Ben toplumdan yalıtık şiirlerin çok uzağındayım. Hayatın kurgusu, hayatın gerçekliği, şiirin de kurgusu ve gerçekliğidir bana kalırsa. Diğer yönelimler toplumsal yaşantıyı dışladığı oranda şiir sanatından da uzaklaşıyorlar. Biçim oyunlarına, belirsizliğe, yabancılaşmaya dönüşüyor yaptıkları. Şiir kültürel bir besin olmaktan çıkıyor. İnsana, insanlığa yararı olamayan hiçbir şey benim için bir değer taşımıyor.
-
Okumak ve yazmak arasında nasıl bir gelgit yaşıyorsunuz? Sizin açınızdan okumak mı yoksa yazmak mı önceliklidir?
-
Okumadan yazılabileceğini düşünemiyorum. Yazmak isteyen, durmadan okumak zorundadır. Hiç okumadan yazanların kalıcı, insanların hayatını değiştiren yapıtlar oluşturabileceğini de düşünmüyorum. Yazan kişi okumalı ki yapılanları öğrenip ne yapması gerektiğini anlayabilsin. Okuyacaksınız ki ne yazacağını düşünebilesin.
-
Yarım asırlık yazın serüveninizde, ilk dönemdeki heyecanı koruyor musunuz?
-
Bugün, ilk yazmaya başladığım günlerdekinden daha çok çalışıyorum. Daha çok düşünüyorum. Yazmayı, toplumsal bir sorumluluğun yerine getirilmesi olarak görüyorum. Bendeki işleyişin heyecanla ilişkisi yok.
-
Kitap okumak, memleketimizde ciddi bir iş. Doktorumuz, öğretmenimiz okumuyor.
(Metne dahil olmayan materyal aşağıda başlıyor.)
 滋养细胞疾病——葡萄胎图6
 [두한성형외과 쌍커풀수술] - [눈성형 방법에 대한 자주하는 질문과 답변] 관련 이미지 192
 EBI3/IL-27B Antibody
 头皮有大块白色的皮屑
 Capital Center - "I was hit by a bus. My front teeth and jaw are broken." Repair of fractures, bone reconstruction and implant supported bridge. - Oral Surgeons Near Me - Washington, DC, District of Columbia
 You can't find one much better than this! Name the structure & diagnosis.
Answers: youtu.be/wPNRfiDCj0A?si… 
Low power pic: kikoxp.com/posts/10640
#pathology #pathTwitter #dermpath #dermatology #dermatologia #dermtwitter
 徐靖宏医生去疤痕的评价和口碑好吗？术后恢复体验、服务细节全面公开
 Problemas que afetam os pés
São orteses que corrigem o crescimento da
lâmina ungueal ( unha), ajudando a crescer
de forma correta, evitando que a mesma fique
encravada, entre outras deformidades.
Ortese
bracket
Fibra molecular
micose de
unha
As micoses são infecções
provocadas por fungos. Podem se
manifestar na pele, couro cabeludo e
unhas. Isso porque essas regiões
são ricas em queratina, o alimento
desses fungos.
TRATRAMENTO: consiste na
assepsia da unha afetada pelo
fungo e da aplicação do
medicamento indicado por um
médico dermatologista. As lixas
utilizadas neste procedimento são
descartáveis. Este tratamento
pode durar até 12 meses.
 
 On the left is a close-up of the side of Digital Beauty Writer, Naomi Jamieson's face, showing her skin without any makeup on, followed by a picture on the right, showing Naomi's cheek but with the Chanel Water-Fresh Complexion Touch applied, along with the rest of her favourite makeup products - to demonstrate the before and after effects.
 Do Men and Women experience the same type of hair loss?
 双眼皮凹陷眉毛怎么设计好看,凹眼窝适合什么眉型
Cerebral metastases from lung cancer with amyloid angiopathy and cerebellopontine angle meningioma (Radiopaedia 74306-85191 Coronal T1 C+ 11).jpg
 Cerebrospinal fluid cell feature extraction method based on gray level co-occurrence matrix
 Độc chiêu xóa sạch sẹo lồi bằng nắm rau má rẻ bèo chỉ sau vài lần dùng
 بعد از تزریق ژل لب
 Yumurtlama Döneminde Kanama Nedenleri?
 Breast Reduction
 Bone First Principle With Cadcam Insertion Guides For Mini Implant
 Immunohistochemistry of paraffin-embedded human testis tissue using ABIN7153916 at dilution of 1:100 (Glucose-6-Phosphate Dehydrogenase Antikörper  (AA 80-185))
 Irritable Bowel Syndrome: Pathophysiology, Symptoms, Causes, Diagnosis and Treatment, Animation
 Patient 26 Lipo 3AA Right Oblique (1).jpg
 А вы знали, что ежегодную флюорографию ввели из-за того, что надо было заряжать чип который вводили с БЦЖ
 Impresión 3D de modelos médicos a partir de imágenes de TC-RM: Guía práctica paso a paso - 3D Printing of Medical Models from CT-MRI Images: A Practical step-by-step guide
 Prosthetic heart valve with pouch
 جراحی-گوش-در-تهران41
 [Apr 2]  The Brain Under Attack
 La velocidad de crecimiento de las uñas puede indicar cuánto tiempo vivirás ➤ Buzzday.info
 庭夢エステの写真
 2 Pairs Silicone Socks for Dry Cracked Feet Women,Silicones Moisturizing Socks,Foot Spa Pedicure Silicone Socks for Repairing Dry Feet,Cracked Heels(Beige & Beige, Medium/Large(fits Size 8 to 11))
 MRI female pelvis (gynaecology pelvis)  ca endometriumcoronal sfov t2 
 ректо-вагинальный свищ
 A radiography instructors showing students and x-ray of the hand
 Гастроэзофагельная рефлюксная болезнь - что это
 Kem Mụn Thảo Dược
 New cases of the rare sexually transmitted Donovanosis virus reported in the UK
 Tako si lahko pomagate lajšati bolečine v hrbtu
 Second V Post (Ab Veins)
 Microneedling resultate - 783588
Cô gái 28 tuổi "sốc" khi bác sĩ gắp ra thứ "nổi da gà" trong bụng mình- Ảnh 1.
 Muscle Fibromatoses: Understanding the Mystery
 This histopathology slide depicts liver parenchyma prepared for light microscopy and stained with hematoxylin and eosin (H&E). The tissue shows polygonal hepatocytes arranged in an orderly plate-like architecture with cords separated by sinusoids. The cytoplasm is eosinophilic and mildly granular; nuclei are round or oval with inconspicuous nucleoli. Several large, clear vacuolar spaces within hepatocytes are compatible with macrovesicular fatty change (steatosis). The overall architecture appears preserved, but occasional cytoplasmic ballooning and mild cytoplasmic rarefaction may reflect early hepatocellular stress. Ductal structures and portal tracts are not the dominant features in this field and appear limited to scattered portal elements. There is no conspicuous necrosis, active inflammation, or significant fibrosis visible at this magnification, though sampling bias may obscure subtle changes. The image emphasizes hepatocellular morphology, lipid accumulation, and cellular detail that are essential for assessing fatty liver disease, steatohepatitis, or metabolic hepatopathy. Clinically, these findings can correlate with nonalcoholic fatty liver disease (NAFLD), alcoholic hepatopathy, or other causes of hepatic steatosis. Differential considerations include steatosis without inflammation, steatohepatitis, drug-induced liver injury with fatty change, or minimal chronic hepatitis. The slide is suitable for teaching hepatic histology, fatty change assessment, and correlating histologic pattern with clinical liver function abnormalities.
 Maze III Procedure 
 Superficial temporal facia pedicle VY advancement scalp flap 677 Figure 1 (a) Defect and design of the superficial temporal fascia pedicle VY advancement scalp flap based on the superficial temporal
Bu konudaki önerileriniz ne olabilir?
-
Ne yazık ki öyle. Türkiye’de kitap okunmuyor, şiir kitabı, neredeyse, hiç okunmuyor. Yapılan sosyolojik bir araştırmada Türkiye’de kitap ihtiyaçlar listesinde 283. sırada yer alıyor. Oysa beslenme, barınma ve giyinme sonrası 4. sıraya okuma gelmeliydi. Bu olmayınca, kültürel besinden payını alamayan birey ve toplum gelişemiyor. Bunun anlaşılması gerek ki insanlar okusun. Başka yolu da yok.
-
Antolojiler Türk Edebiyatına nasıl bir katkı sunabilir?
-
Seçki (antoloji) hazırlamak, bir ayıklama eylemidir. Eğer şiir bilgilerine yaslanarak, alabildiğine nesnel olarak bir çalışma yapılırsa hazırlanan seçki, elbette yararlı olabilir. Şiirin, tarihselliği içerisinde gelişimini gösterebilir. İnsanlara damıtılmış şiir örnekleri sunacağından, onları şiir sanatı bakımından besleyebilir.
-
Klişe olsa da sormak istiyorum. Sizi etkileyen, ilham veren ve başucunuzda yer alan yazar/lar ve eserleri paylaşabilir misiniz?
-
Ad vermek çok zor. Çünkü çok fazla önemsediğim kişiler. Beni etkileyen, eylemli kılan çok yazar var: Romancılar, hikâyeciler, denemeciler, sosyologlar, psikologlar, antropologlar, tarihçiler, coğrafyacılar, belgesel hazırlayıcılar… Zaten buların bütününden beslenmediğinizde yazdığınız şiir hep eksikli olacaktır.
-
Düşünmenin sınırları var mıdır? Son sorum: Yeni bir kitap çalışmanız var mı?
-
Düşünmenin sınırları var elbette. Ne kadar sözcük biliyorsanız o kadar geniş düşünürsünüz. Sözcükler olmadan olay, olgu ve durumlar arasında ilişki kuramazsınız, nesneleri niteliklerini irdeleyemezsiniz.